Looking at your query plans, one thing that strikes me is that the buffer hits are very different looking at the two plans, and that even the sequential scans are slower. I suspect that the issue has to do with read-ahead caching and having less space for that. What this means is you are biasing memory for re-use of indexes and against reading tables on disk.


My understanding is that PostgreSQL will look to the cache for a page before reading it from disk because it doesn't know really whether the OS cache will contain that page. Because the pages are then staying in the cache and because that cache is slower than the OS cache, this changes the sorts of queries which are fast vs the sorts that are slow. In fact reading the plans, aside from work_mem issues, it looks like all of your query info comes from the cache but it is a question of which cache.

work_mem: how much memory we can allocate for a sort or related join operation. This is per operation, not per statement or per back-end, so a single complex query can use many times this amount of memory. It isn't clear you are hitting this limit but it is worth noting and being aware of. if you increase this too far, you lose memory that might be available for the read cache and the shared buffers.
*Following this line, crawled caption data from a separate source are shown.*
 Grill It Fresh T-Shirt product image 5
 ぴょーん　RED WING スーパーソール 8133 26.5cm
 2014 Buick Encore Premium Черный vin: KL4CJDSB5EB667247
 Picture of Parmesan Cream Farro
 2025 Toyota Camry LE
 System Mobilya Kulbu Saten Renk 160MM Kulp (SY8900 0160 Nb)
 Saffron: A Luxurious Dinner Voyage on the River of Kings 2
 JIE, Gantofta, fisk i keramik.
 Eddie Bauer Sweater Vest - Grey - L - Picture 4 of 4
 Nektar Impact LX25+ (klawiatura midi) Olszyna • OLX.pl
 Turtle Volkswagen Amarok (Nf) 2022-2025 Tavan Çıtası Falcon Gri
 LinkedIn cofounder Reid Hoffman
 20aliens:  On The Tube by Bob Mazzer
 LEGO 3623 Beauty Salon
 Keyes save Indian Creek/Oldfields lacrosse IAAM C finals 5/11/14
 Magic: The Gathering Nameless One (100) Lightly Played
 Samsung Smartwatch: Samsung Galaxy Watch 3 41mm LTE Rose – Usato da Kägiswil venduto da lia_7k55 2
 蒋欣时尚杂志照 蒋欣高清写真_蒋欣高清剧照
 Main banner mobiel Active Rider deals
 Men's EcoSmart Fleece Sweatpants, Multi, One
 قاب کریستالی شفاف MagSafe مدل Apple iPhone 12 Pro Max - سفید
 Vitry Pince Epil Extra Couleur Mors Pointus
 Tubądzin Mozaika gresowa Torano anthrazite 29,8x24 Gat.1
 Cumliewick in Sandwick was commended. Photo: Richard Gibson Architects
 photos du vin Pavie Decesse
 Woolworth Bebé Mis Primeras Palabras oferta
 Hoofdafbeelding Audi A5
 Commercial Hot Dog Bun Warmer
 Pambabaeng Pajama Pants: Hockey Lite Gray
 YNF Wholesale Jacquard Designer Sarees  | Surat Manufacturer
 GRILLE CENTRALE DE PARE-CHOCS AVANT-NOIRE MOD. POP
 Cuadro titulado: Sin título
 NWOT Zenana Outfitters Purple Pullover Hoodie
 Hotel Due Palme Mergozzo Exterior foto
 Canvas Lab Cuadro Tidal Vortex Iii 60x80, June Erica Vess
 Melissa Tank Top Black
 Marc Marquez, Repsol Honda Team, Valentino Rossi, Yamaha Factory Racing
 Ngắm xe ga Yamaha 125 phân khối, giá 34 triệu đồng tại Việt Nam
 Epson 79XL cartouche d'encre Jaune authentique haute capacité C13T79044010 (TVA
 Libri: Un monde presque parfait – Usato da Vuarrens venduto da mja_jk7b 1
shared_buffers: how much memory to allocate to the actual PostgreSQL page queue. Now, ideally the interesting set of your database will stay in memory cached here and in the read buffers. However, what this does is ensure that the most frequently used information across all backends gets cached and not flushed to disk. On Linux this cache is significantly slower than the OS disk cache, but it offers guarantees that the OS disk cache dos not and is transparent to PostgreSQL. This is pretty clearly where your problem is.

So what happens is that when we have a request, we check the shared buffers first since PostgreSQL has deep knowledge of this cache, and look for the pages. If they are not there we ask the OS to open them from the file, and if the OS has cached the result it returns the cached copy (this is faster than the shared buffers, but Pg can't tell whether it is cached or on disk, and disk is much slower so PostgreSQL typically will not take that chance). Keep in mind this affects random vs sequential page access as well. So you may get better performance with lower shared_buffers settings.

My gut sense is that you probably get better, or at least more consistent, performance in high concurrency environments with larger shared_buffer settings. Also keep in mind that PostgreSQL grabs this memory and holds it so if you have other things running on the system, the read buffers will hold files read by other processes. It's a very large and complex topic. Larger shared buffer settings provide better guarantees of performance but may deliver less performance in some cases.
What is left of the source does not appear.